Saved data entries

»»

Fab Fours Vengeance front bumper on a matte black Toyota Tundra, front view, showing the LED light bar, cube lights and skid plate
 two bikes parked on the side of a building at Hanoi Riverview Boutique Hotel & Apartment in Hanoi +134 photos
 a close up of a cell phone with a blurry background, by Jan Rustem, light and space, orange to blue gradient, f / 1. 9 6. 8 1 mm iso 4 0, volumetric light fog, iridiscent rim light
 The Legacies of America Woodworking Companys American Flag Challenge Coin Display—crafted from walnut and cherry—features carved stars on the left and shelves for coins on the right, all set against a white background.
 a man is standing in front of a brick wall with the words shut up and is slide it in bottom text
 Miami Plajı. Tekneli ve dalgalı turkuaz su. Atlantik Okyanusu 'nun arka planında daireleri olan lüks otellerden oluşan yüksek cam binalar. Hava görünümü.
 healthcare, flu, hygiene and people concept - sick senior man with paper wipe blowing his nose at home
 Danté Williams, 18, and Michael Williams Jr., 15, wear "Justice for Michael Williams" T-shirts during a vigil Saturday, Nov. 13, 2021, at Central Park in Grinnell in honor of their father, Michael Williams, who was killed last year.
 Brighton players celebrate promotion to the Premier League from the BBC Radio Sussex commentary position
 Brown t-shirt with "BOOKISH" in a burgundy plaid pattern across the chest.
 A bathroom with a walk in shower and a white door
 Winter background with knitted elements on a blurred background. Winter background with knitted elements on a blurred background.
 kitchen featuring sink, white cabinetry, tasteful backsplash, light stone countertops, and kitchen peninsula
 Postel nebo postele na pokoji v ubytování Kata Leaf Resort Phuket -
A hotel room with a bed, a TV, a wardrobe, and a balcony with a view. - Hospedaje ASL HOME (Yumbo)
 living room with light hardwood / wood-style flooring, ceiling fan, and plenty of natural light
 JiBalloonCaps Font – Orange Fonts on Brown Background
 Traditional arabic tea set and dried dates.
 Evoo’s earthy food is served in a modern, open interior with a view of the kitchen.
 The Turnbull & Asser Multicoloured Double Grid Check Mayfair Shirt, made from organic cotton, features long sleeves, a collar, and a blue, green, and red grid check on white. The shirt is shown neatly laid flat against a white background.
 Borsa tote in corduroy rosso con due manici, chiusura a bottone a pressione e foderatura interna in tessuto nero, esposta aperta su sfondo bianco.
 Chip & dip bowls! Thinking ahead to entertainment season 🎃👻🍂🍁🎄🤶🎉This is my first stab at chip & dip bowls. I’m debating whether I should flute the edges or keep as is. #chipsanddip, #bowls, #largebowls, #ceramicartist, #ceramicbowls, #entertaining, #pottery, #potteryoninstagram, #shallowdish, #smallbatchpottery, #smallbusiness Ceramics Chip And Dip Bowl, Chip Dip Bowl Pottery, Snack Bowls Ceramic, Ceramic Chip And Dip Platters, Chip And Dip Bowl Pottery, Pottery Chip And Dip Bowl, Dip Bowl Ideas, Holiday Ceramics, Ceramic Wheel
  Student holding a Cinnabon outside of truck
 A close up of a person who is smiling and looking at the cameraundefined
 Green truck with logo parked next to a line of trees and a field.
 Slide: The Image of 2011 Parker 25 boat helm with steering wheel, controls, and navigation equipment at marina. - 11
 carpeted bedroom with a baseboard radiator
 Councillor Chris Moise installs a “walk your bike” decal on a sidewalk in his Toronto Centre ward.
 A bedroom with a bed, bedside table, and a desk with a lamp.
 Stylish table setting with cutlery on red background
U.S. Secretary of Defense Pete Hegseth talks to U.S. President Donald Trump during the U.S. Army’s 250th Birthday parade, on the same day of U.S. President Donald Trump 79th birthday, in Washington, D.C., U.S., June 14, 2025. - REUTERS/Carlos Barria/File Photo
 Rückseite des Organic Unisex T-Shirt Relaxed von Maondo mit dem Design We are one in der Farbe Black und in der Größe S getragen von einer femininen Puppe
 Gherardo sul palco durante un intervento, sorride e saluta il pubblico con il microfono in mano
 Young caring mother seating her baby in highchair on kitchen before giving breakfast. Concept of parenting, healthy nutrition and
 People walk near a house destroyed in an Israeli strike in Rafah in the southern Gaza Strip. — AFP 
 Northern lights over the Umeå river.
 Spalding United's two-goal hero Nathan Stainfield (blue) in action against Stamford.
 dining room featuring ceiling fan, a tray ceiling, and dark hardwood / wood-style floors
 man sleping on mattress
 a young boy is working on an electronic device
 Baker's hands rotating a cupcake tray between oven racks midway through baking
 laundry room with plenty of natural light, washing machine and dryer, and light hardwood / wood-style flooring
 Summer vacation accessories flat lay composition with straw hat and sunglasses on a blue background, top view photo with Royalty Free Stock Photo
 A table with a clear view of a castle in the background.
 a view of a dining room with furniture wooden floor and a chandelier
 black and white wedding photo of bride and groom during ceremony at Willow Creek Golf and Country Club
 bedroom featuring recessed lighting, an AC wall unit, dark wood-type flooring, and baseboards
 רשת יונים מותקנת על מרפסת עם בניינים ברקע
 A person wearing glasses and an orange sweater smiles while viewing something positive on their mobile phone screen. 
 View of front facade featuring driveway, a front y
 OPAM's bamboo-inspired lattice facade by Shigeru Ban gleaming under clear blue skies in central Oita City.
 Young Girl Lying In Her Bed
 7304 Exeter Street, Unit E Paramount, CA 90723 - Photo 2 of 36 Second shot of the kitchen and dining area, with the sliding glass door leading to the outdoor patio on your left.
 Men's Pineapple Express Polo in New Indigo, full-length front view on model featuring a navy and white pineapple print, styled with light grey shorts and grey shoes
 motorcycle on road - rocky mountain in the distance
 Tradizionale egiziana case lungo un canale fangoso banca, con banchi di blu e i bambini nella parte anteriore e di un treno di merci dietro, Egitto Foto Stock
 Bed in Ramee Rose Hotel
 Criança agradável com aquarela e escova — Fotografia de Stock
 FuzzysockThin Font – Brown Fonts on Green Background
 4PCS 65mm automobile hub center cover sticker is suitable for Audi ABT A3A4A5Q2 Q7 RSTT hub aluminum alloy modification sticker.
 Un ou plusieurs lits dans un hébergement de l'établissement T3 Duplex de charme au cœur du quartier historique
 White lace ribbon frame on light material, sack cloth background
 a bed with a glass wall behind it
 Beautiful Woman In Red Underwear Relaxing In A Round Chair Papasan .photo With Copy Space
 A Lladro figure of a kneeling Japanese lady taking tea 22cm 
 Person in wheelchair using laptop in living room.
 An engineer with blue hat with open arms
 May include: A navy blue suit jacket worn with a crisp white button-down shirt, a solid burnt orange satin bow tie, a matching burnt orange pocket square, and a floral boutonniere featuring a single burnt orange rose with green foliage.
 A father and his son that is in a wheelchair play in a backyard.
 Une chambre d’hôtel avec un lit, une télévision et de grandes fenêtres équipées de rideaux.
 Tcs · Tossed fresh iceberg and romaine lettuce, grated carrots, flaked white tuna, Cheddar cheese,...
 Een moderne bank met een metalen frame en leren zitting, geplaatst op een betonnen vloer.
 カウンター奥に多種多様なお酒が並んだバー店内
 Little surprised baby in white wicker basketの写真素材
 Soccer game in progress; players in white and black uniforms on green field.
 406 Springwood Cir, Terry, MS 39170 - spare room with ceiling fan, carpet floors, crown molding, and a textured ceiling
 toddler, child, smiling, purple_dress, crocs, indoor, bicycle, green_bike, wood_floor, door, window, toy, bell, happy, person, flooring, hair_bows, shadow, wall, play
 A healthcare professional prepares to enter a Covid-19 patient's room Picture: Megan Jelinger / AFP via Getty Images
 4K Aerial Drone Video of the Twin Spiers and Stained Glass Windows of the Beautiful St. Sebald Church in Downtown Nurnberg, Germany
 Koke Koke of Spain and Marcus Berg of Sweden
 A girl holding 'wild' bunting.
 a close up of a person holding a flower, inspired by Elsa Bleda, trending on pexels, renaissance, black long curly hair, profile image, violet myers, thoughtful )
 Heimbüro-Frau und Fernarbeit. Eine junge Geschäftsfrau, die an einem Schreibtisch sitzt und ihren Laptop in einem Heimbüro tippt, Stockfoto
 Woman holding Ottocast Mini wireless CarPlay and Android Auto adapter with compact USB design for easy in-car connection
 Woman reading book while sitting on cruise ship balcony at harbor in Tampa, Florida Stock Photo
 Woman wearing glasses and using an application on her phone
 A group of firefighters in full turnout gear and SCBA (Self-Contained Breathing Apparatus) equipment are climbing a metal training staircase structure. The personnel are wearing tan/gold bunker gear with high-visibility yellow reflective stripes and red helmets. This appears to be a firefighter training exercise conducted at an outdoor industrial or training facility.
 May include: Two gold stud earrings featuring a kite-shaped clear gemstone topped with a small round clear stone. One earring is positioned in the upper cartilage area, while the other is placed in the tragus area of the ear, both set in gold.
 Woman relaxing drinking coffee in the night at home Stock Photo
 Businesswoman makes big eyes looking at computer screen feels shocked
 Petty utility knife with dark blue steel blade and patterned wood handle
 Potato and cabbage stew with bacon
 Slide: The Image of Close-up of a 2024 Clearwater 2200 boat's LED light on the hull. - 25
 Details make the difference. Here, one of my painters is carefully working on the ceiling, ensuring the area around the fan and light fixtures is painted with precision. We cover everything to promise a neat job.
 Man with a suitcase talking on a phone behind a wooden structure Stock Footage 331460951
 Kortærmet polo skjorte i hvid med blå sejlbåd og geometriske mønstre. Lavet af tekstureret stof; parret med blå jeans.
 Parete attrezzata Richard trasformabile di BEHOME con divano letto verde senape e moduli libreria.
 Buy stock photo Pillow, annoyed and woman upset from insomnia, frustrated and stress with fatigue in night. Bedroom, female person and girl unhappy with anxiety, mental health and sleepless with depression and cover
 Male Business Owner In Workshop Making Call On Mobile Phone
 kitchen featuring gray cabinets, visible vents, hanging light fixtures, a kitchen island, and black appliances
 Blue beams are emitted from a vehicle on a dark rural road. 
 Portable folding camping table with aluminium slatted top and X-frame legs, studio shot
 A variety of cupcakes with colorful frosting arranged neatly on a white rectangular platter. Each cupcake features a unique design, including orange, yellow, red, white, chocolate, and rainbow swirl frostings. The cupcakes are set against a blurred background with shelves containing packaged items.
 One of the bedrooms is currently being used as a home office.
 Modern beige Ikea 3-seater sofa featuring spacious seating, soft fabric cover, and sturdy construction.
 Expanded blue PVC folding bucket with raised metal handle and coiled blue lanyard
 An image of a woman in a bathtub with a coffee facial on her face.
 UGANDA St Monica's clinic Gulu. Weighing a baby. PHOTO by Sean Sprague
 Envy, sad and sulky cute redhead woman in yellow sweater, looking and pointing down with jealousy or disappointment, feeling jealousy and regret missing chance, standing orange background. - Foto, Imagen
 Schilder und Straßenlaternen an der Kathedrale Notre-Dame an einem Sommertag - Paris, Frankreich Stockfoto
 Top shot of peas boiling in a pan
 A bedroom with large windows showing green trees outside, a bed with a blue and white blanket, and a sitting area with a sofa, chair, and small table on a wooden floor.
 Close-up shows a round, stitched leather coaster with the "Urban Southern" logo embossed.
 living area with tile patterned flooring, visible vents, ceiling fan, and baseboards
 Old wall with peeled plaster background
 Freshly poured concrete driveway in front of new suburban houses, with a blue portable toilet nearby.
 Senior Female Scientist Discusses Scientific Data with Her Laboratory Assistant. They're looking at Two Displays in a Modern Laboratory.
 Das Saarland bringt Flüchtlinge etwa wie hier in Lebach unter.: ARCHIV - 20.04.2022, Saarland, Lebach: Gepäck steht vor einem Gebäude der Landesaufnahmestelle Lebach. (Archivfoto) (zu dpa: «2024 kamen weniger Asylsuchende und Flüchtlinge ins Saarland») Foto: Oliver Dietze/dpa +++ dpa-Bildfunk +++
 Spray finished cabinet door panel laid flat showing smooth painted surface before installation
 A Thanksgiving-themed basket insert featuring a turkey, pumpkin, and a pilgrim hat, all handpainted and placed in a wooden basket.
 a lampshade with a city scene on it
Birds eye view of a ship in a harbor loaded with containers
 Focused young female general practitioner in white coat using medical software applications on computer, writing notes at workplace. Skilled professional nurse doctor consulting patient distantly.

««

Exercise
Look through the data above for the word "patient". Report each line where it occurs.

Final answer
 A healthcare professional prepares to enter a Covid-19 patient's room Picture: Megan Jelinger / AFP via Getty Images
 Focused young female general practitioner in white coat using medical software applications on computer, writing notes at workplace. Skilled professional nurse doctor consulting patient distantly.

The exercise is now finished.